The workflow name-sorts the file, runs fixmate to add mate information (and mate score tags), coordinate-sorts the result, then runs markdup to mark or remove duplicates. Commands are available as a streaming pipeline to avoid unnecessary intermediates, and equivalent pysam examples show the same steps programmatically.

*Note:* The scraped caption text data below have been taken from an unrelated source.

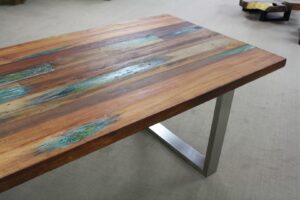 Tisch recyceltes Holz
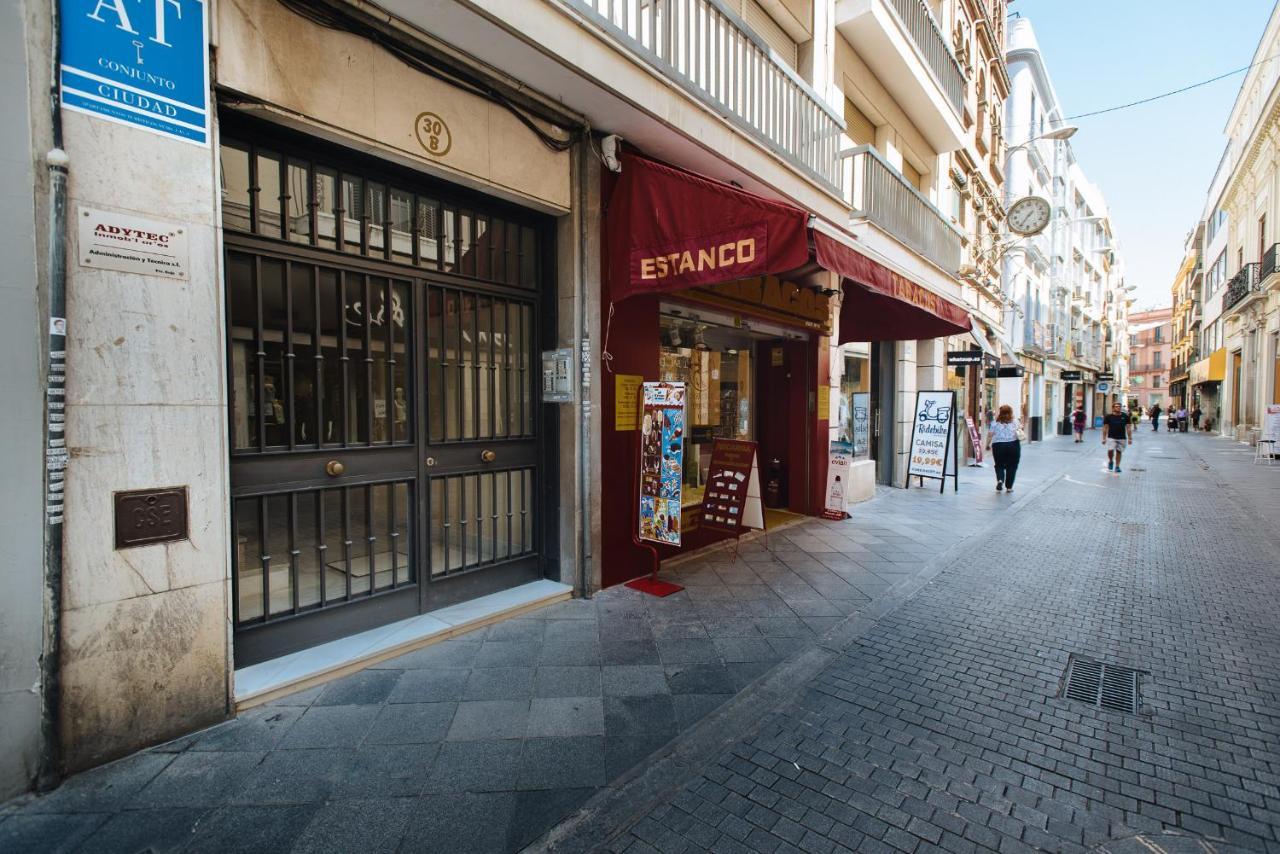 Hostly O'Donnell A Center-Fibre-Parking Optional Apartment Seville Exterior photo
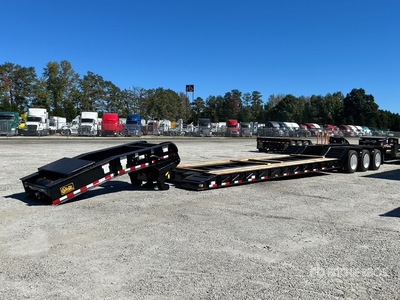 2026 Witzco Challenger RG52 Tri/A Removable Gooseneck Lowboy Trailer (Unused)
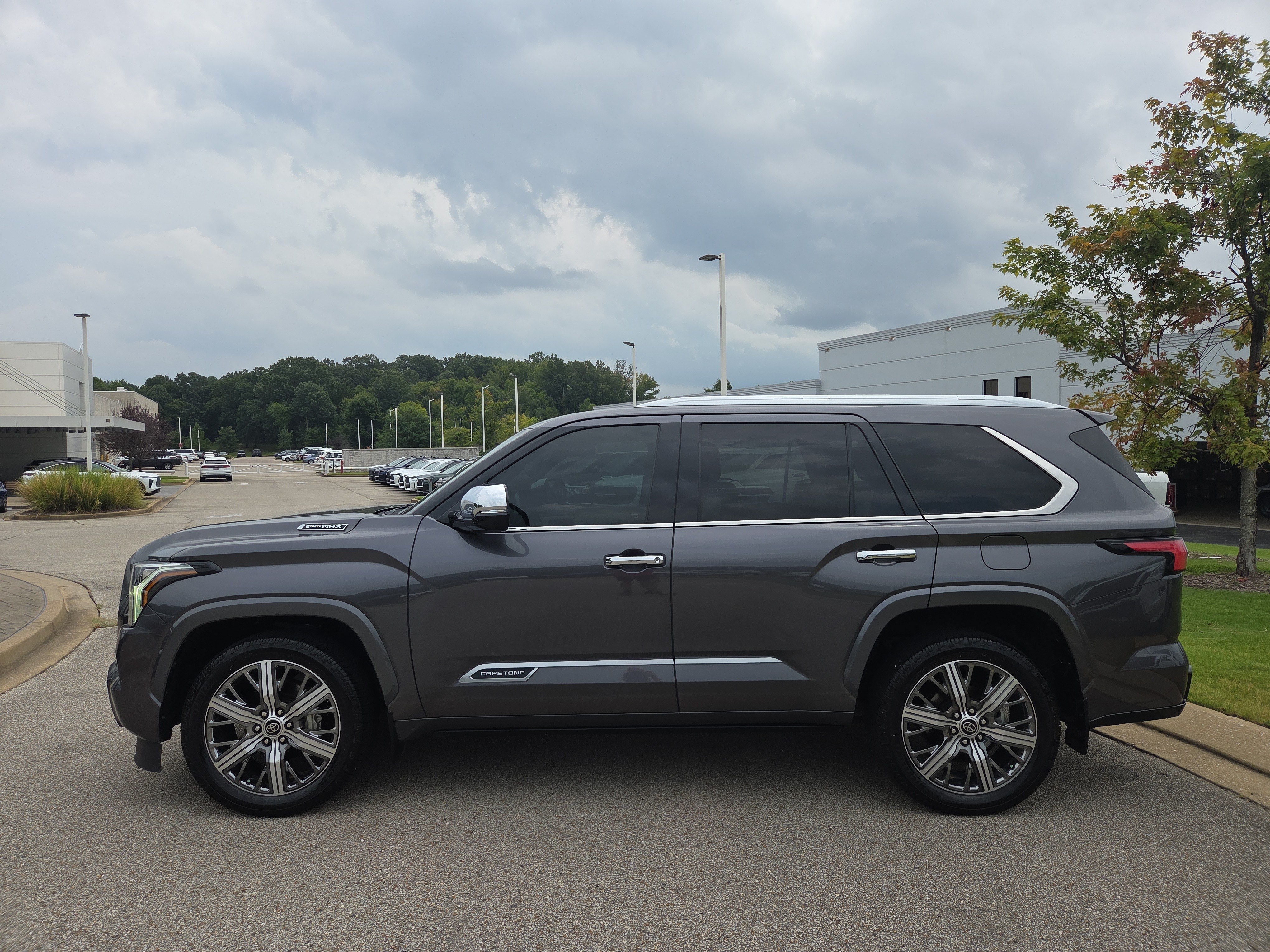 toyota sequoia 2023 7SVAAAAA5PX002204 image toyota sequoia 2023 7SVAAAAA5PX002204 image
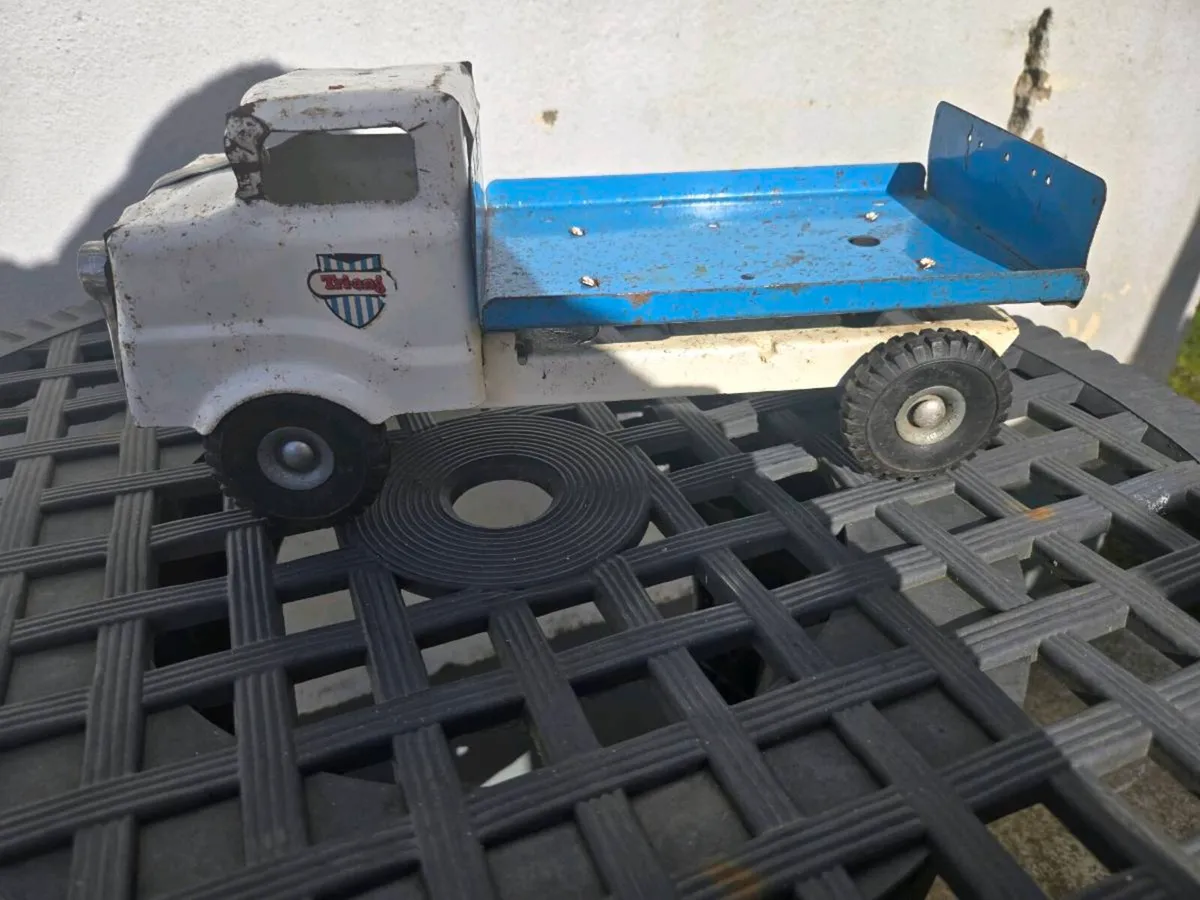 Vintage Triang flatbed truck - Image 1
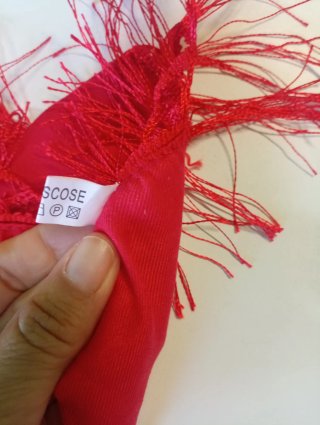 Mantón rojo con flecos y estampado floral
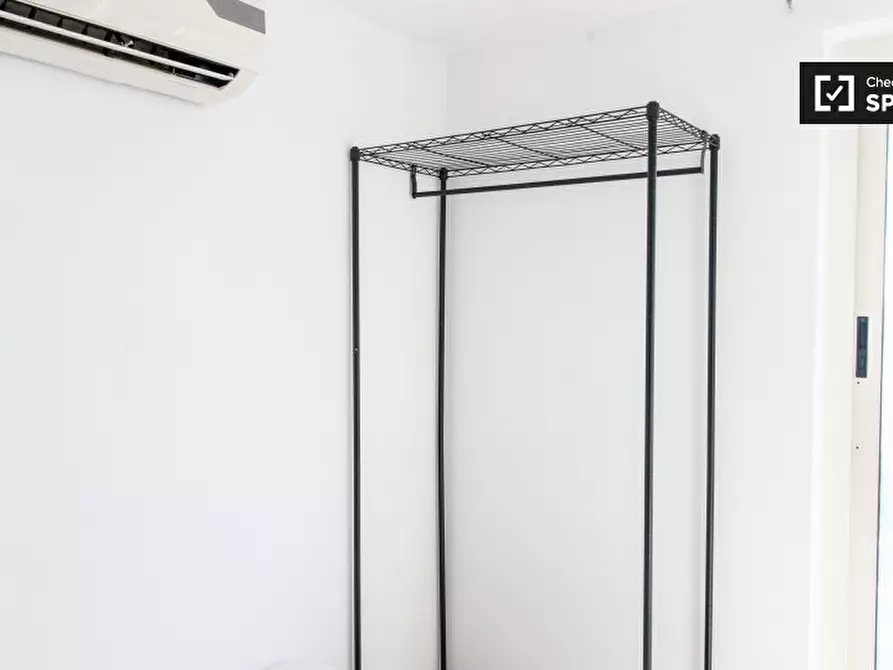 Immagine 16 di Appartamento in affitto  in Via Guido Guinizelli a Roma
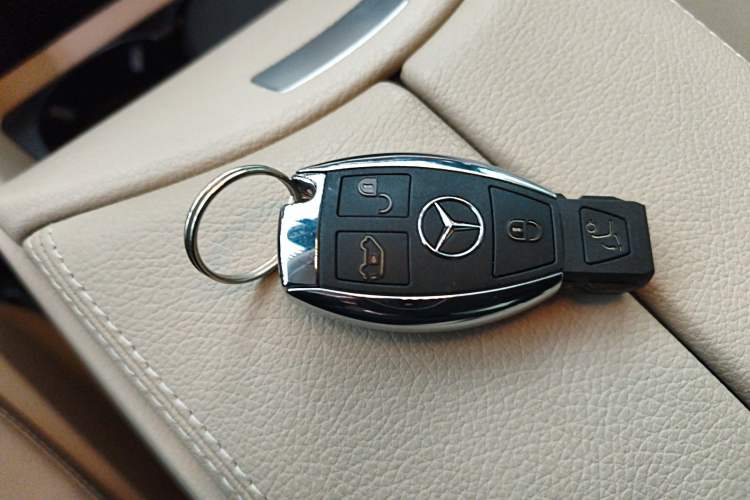 Used Mercedes-Benz V-Class 2020 V 260 L Long-wheelbase Luxury Edition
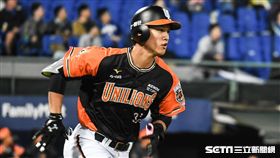 統一獅蘇智傑全壘打。 圖／記者林敬旻攝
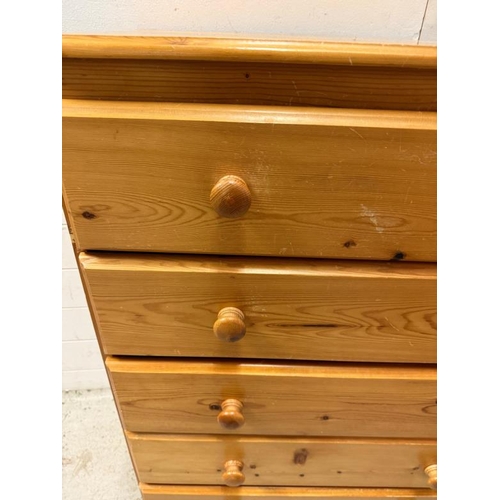 160 - A pine five drawer chest of drawers (H102cm W77cm D42cm)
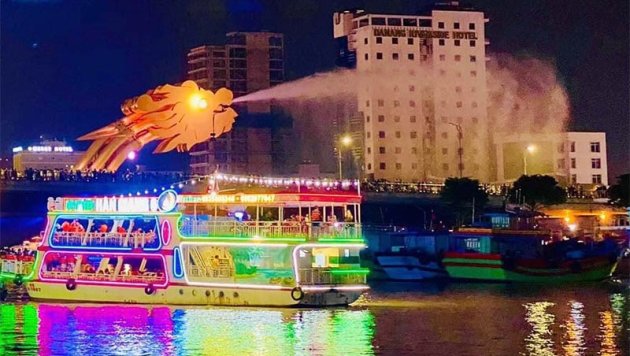 Đặt Vé Du Thuyền Sông Hàn: Trải Nghiệm Đẳng Cấp Giữa Lòng Đà Nẵng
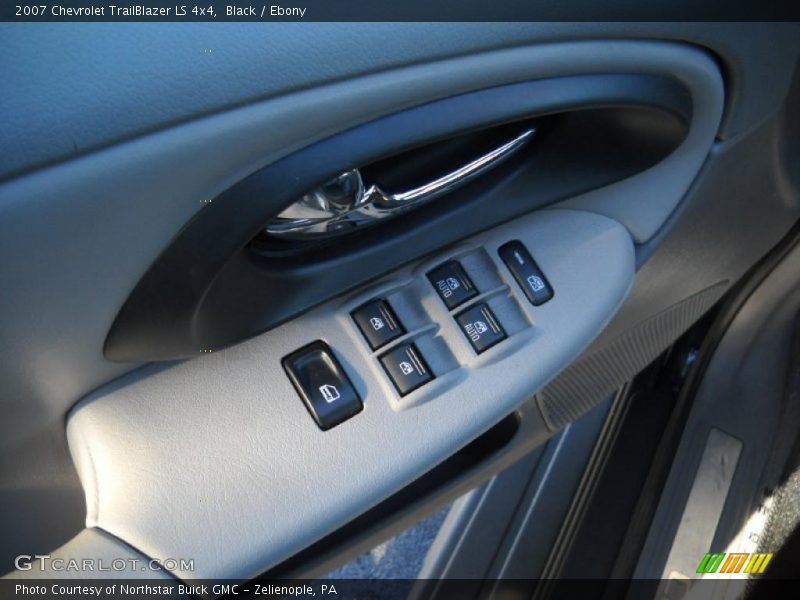 Black / Ebony 2007 Chevrolet TrailBlazer LS 4x4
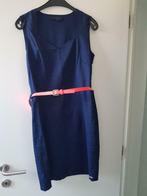 zakelijke jurk kleed met riem M, Blauw, Knielengte, Maat 38/40 (M), Ophalen of Verzenden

The skill also covers statistics (flagstat, counts) and common error cases with solutions.

When to use it

  • Before variant calling to avoid duplicate-driven false positives
  • When PCR amplification or optical duplication is suspected in the library
  • When preparing alignments for accurate coverage or allele frequency estimates
  • When aligner output does not already include reliable duplicate marking
  • When you need audit-able duplicate statistics and indexed output

Best practices

  • Verify tool versions (samtools, pysam, picard) and adjust flags to match installed APIs
  • Always run samtools sort -n before fixmate and coordinate sort before markdup
  • Use fixmate -m to add mate score tags required by markdup
  • Stream commands to reduce temporary files: sort -n | fixmate -m - - | sort - | markdup - out.bam
  • Save markdup stats (-s or -f) and run samtools index on the final BAM

Example use cases

  • CLI pipeline to mark duplicates and index: samtools sort -n in.bam | samtools fixmate -m - - | samtools sort - | samtools markdup - marked.bam && samtools index marked.bam
  • Remove duplicates for a strict analysis: samtools markdup -r coordsort.bam deduped.bam
  • Programmatic pipeline in Python using pysam.sort, pysam.fixmate, pysam.markdup, then pysam.index
  • Compute duplicate rate: use samtools flagstat and samtools view -c -f 1024 marked.bam
  • Filter out duplicates in Python by checking read.is_duplicate and writing non-duplicates

FAQ

Why does markdup say "mate not found"?

That error means the input was not name-sorted before fixmate. Run samtools sort -n first, then fixmate -m, then coordinate-sort before markdup.

Do I need fixmate -m?

Yes. markdup requires mate score tags that fixmate -m writes; without -m you may get incorrect duplicate detection.